Kahn Charles E
Department of Radiology and Institute for Biomedical Informatics, University of Pennsylvania, Philadelphia, Pennsylvania, USA.
Stud Health Technol Inform. 2017;245:896-900.
This study sought to use ontology-based knowledge to identify patients with rare diseases and to estimate the frequency of those diseases in a large database of radiology reports. Natural language processing methods were applied to 12,377,743 narrarive-text radiology reports of 7,803,811 patients at an academic health system. Using knowledge from the Orphanet Rare Disease Ontology and Radiology Gamuts Ontology, 1,154 of 6,794 rare diseases (17.0%) were observed in a total of 237,840 patients (3.05%). Ninety of 2,129 diseases (4%) with known prevalence less than 1 per 1,000,000 were observed in the database, whereas 100 of 173 diseases (58%) with prevalence greater than 1 per 10,000 were observed; the difference was statistically significant (p < .00001). Automated ontology-based search of radiology reports can estimate the frequency of rare diseases, and those diseases with higher known prevalence were significantly more likely to appear in radiology reports.

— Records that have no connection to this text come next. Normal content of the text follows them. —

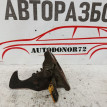 Замок капота BMW 3 E90/E91/E92/Е93 BMW 3er оригинальный номер 51237073916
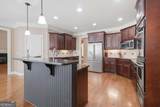 5105 Stefan Ridge Way - Photo 15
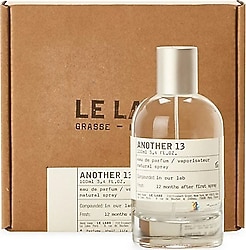 Le Labo Another 13 EDP 50 ml Parfüm Fiyatları, Özellikleri ve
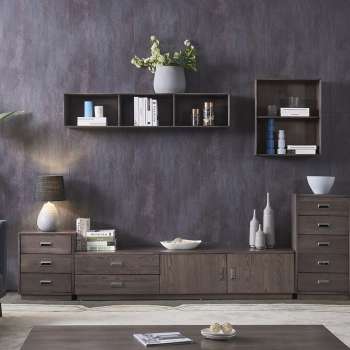 tv-cabinet-6185022_1280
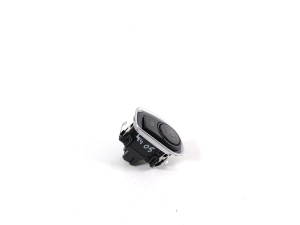 BMW 2 SERIES (F46) (2015–2026) Ignition switch 9289135 - 2
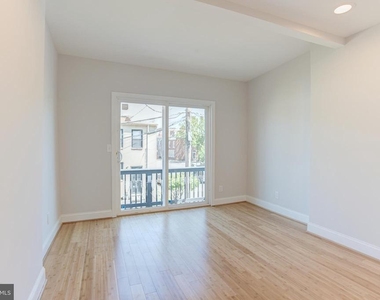 802 Mangold Street - Photo Thumbnail 40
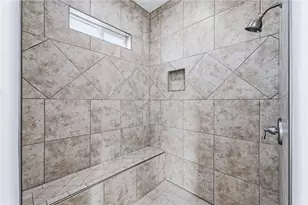 2385 Corwin Rd, Bullhead City, AZ 86442 - Photo 40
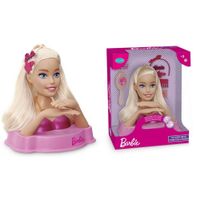 Nivalmix-Boneca-Barbie-Styling-Head-Core-com-12-Frases-1291-Mattel-2314539-4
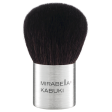 Kabuki Brush Sale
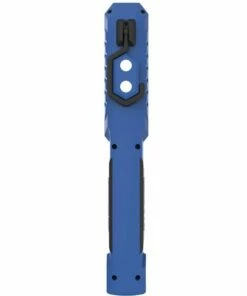 Kobalt LED Rechargeable Handheld Work Light - Commercial Lighting 10 Kobalt LED Rechargeable Handheld Work Light - Commercial Lighting -Kobalt Sales Store 42144094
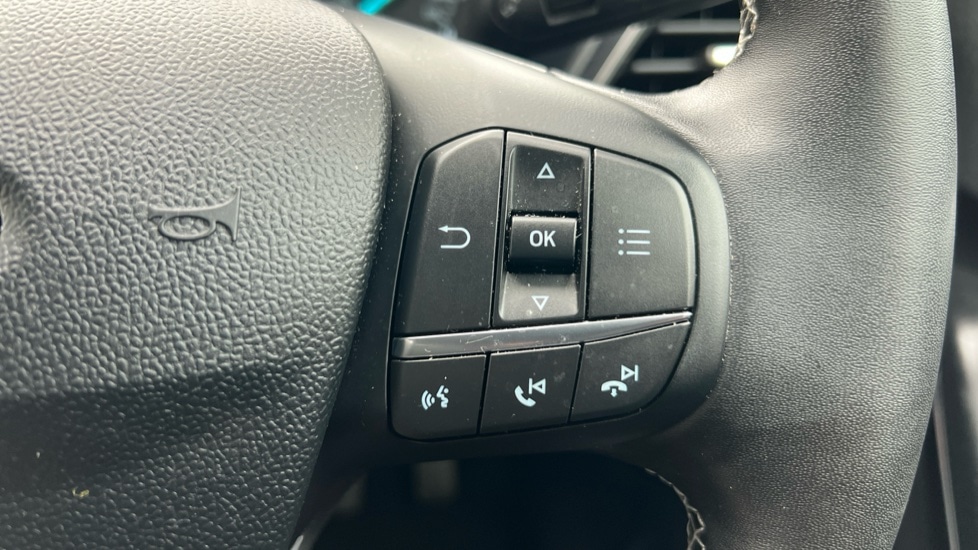 Used Ford Puma 2023 for sale - 76870326: Photo 22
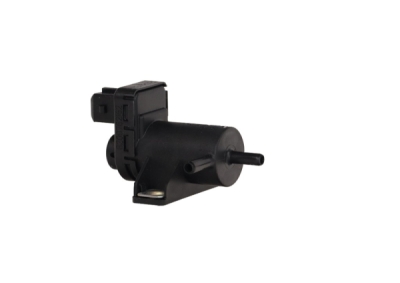 Magnetický ventil ORIGINAL RENAULT 8200762162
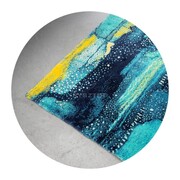 Abyss & Habidecor NEREO Dywanik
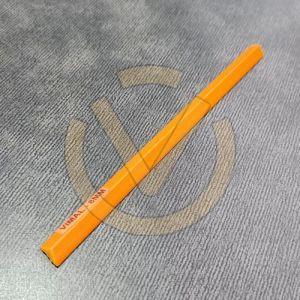 8 Mm PVC Corner Profile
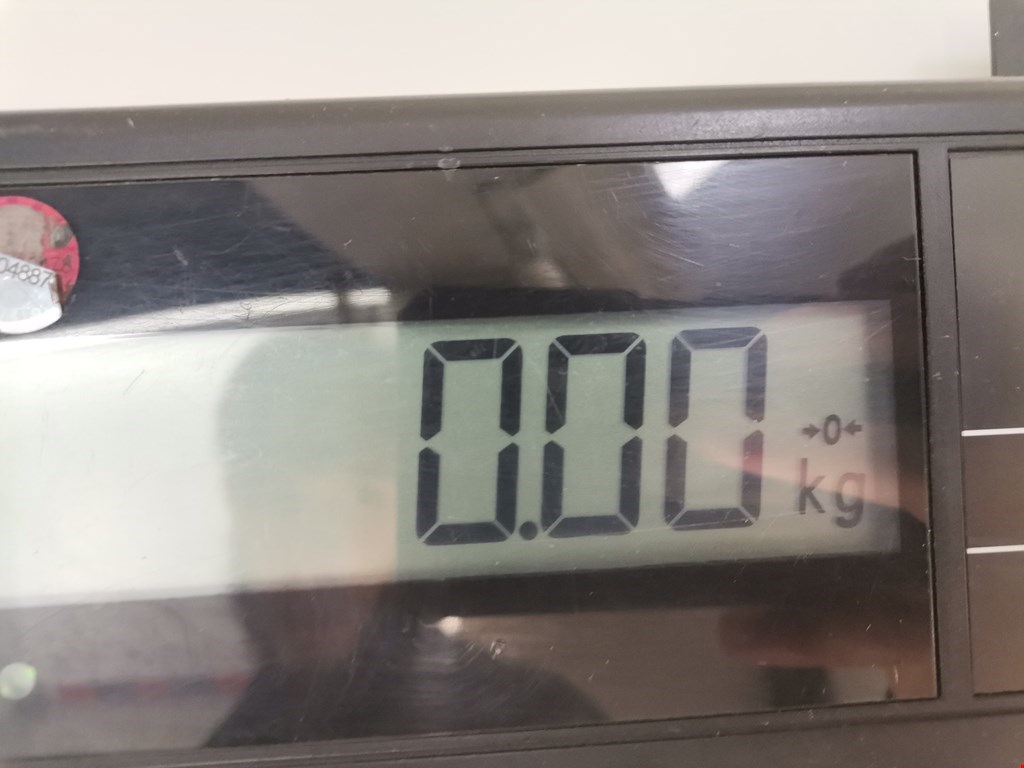 Кнопка центрального замка VOLVO XC60 I 2008-2017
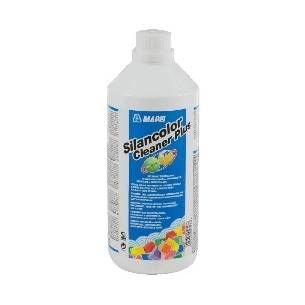 UltraCare Mould CLEANER 750 ml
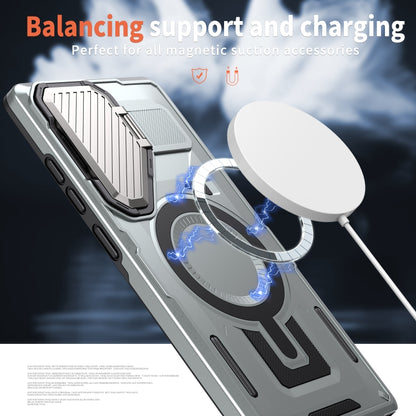 EDA007307904F_3.jpg@582ed5deae0e51ab552c6c5ce101805c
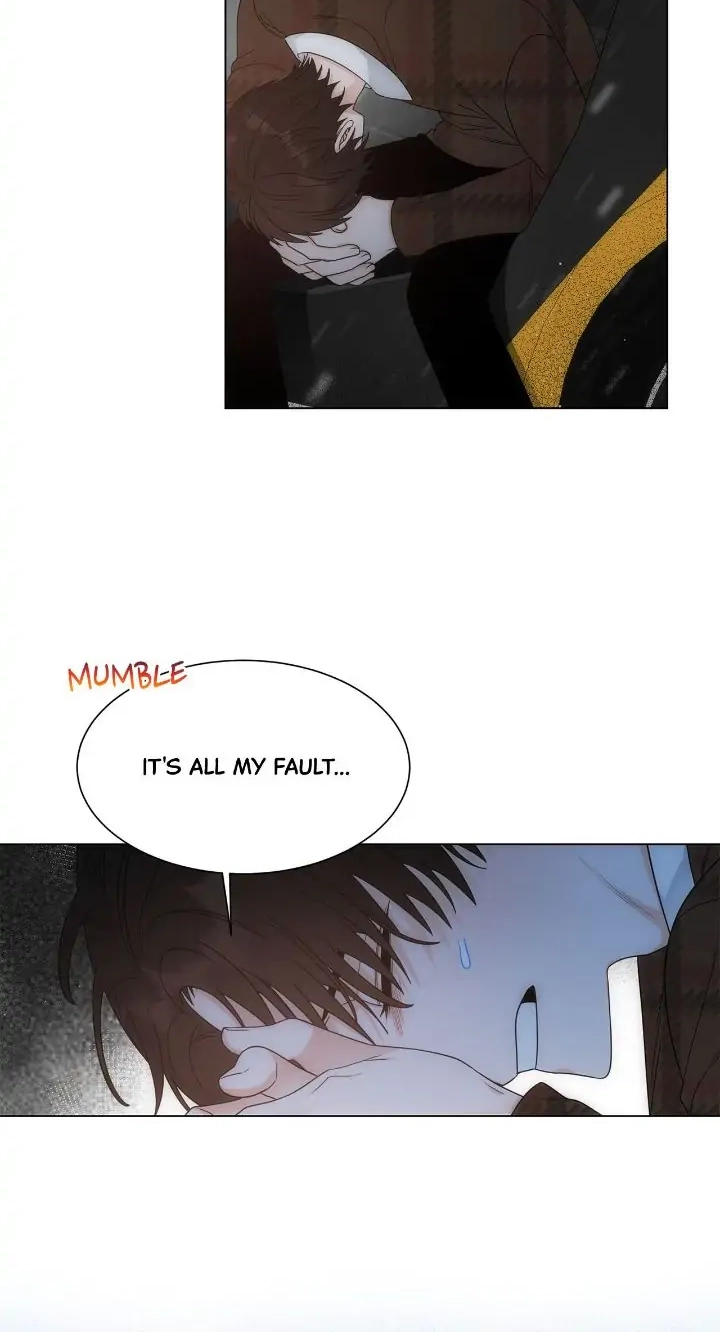 Read Manhattan Romance chapter 39 image 2 on Lezhin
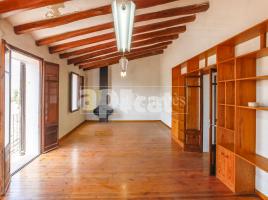  (casa rural), 200.00 m², Calle de Sant Pere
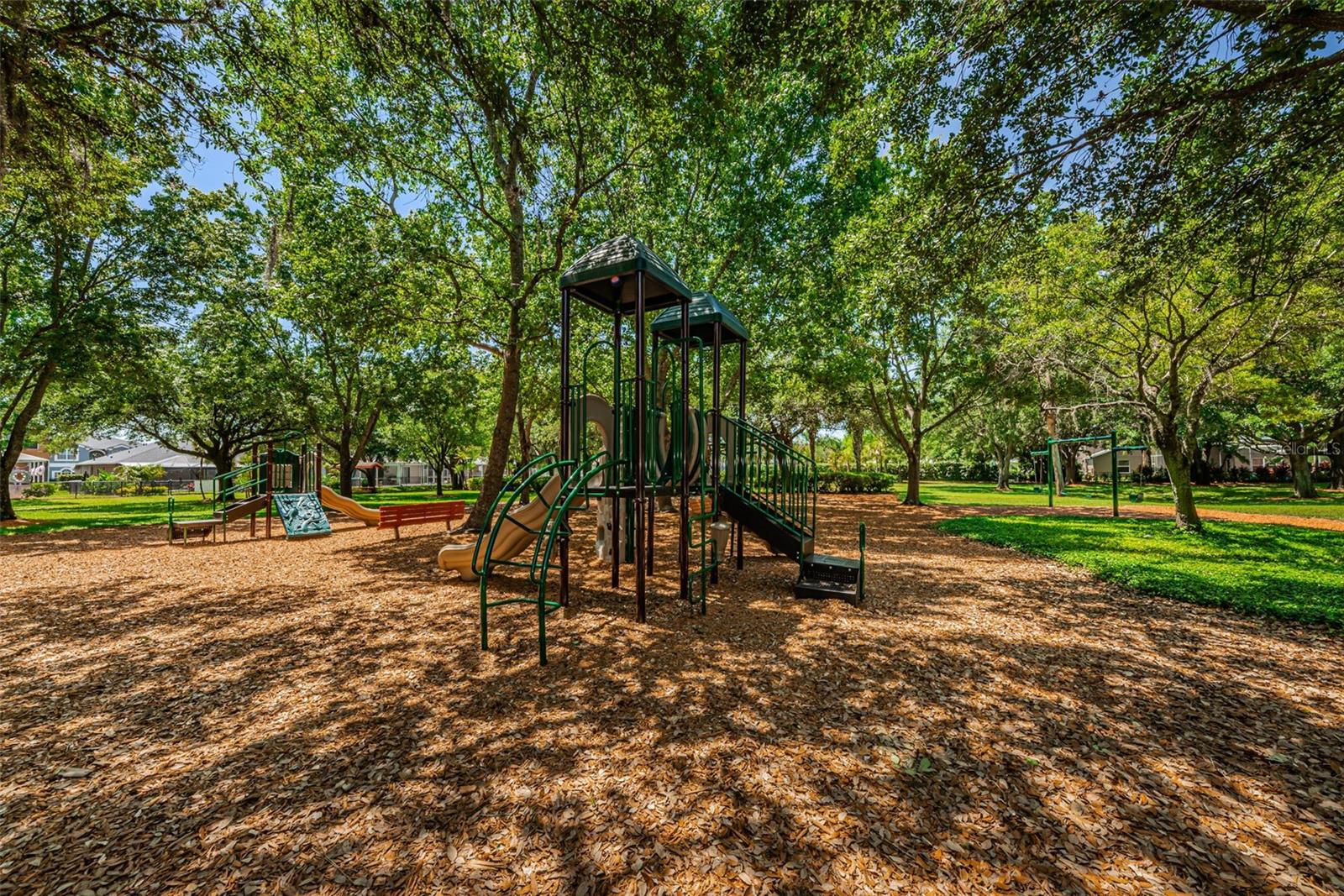 10440 TECOMA DR — photo 84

本研究旨在利用基于本体的知识来识别罕见病患者,并在一个大型放射学报告数据库中估计这些疾病的发病率。自然语言处理方法应用于某学术健康系统中7803811名患者的12377743份叙述性文本放射学报告。利用来自《孤儿病数据库》罕见病本体和放射学色域本体的知识,在总共237840名患者(3.05%)中观察到了6794种罕见病中的1154种(17.0%)。数据库中观察到了已知患病率低于百万分之一的2129种疾病中的90种(4%),而患病率高于万分之一的173种疾病中的100种(58%)也被观察到;差异具有统计学意义(p <.00001)。基于本体的放射学报告自动搜索可以估计罕见病的发病率,并且已知患病率较高的疾病更有可能出现在放射学报告中。